Growth is expected to come in this year at a respectable 3%, despite a big knock from the global financial crisis. European tourists spill out of recently renovated boutique hotels in the capital’s Old City. American accents boom across the dining room of the Four Seasons. In the tony Maliki neighborhood nearby, tourists, foreign businessmen and fashionably dressed Damascenes sip $4 lattes at one of several bustling cafes.
Central-bank chief Adib Mayaleh is practically giddy about Syria’s new allure to foreign investors. Amid warming ties between the West and Syria, executives from two French banks recently dropped by his office to talk about opening branches here. The same French bankers “previously said they would have nothing to do with me,” he says, gloating.

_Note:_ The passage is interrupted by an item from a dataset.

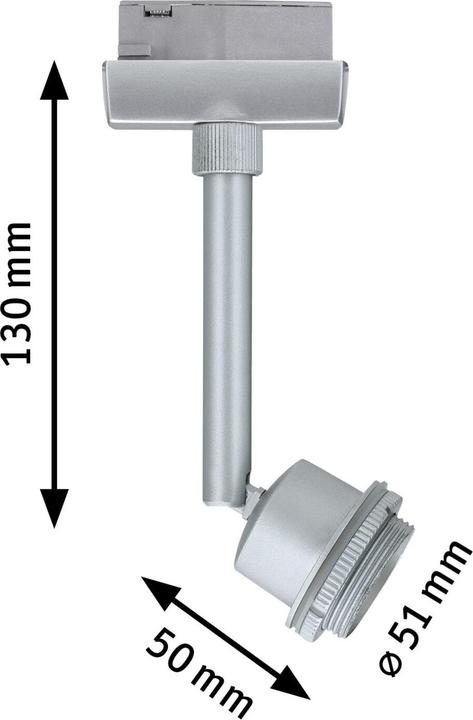 Actual product image Paulmann URail DecoSystems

“We see more and more banks coming here to investigate the market,” Mr. Mayaleh says. “Syria is virgin territory to explore.”
In fact, Syria’s still-isolated economy protected it from the worst of the global financial crisis. Banks here haven’t been hit by defaults. Tourism receipts dipped but are recovering again. A recent private-sector-led investment boom in real estate shows no signs of the bust felt in other regional markets like Dubai.

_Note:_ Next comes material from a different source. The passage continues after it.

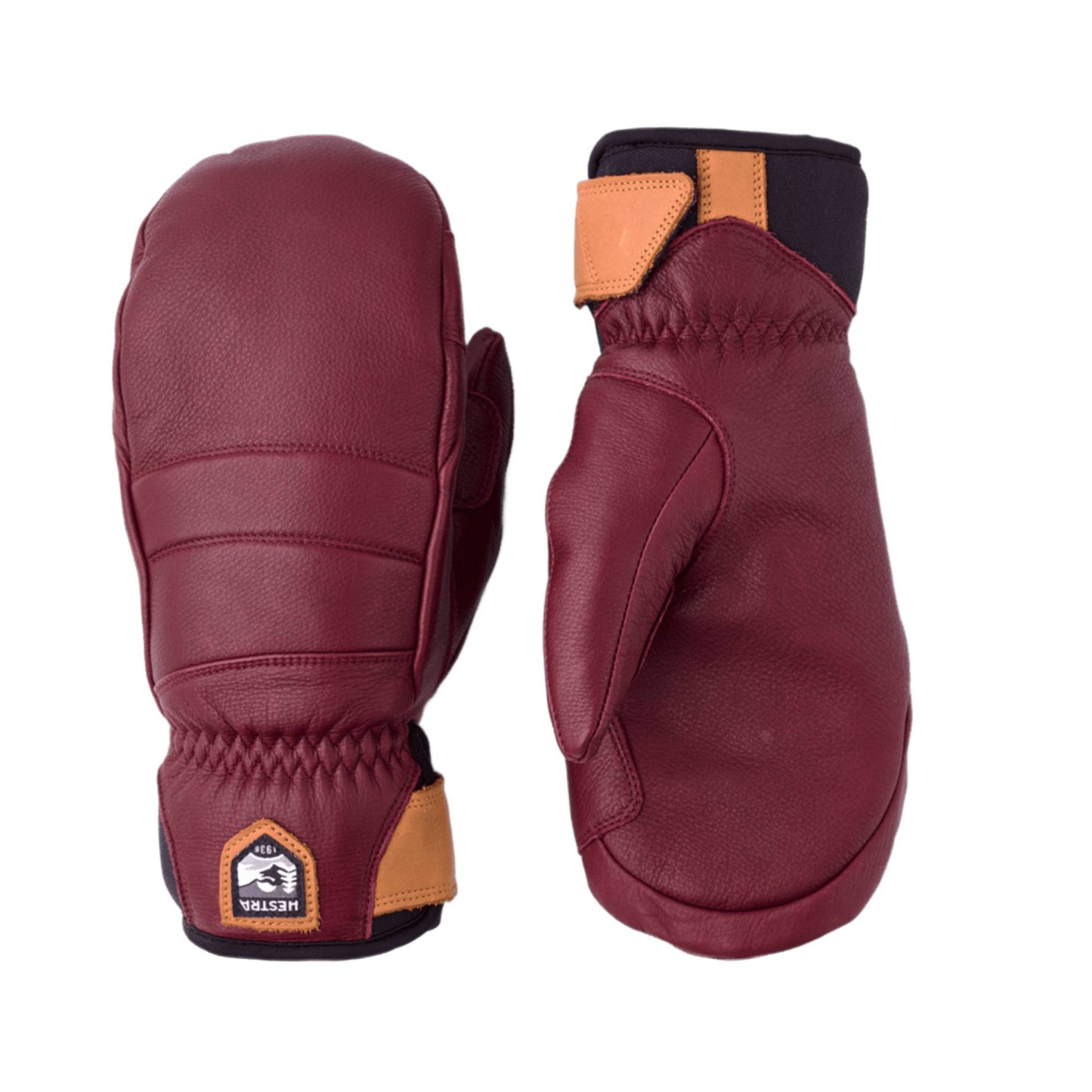 Hestra Leather Fall Line Womens Mitt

Earlier this year, real-estate adviser Cushman & Wakefield listed Damascus office space as the eighth most expensive in the world. That is behind Paris and two spots ahead of midtown Manhattan.

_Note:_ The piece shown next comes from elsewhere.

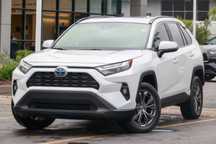 Toyota RAV4 Hybrid XSE 2023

“The only Syrians that can buy houses are those that can sell one first,” says real-estate agent Ayman al-Saman, from his closet-size agency in the center of town. Residential real-estate prices have tripled since 2004, he says.
On top of all that, the West’s recent embrace of Syrian President Bashar Assad is translating into a booster shot of economic optimism.
Bassel Hamwi, deputy chairman of Bank Audi Syria, one of the largest private banks in the country, said the barrage of U.S. sanctions the Bush administration slapped on Syria starting in 2004 never was a real barrier to economic growth. But warming ties with the world’s largest economy can’t help but make a difference. “Syria used to be a ‘frontier’ market,” the Texas- and Harvard-educated banker says. “As of 2009, I personally consider this an emerging market.”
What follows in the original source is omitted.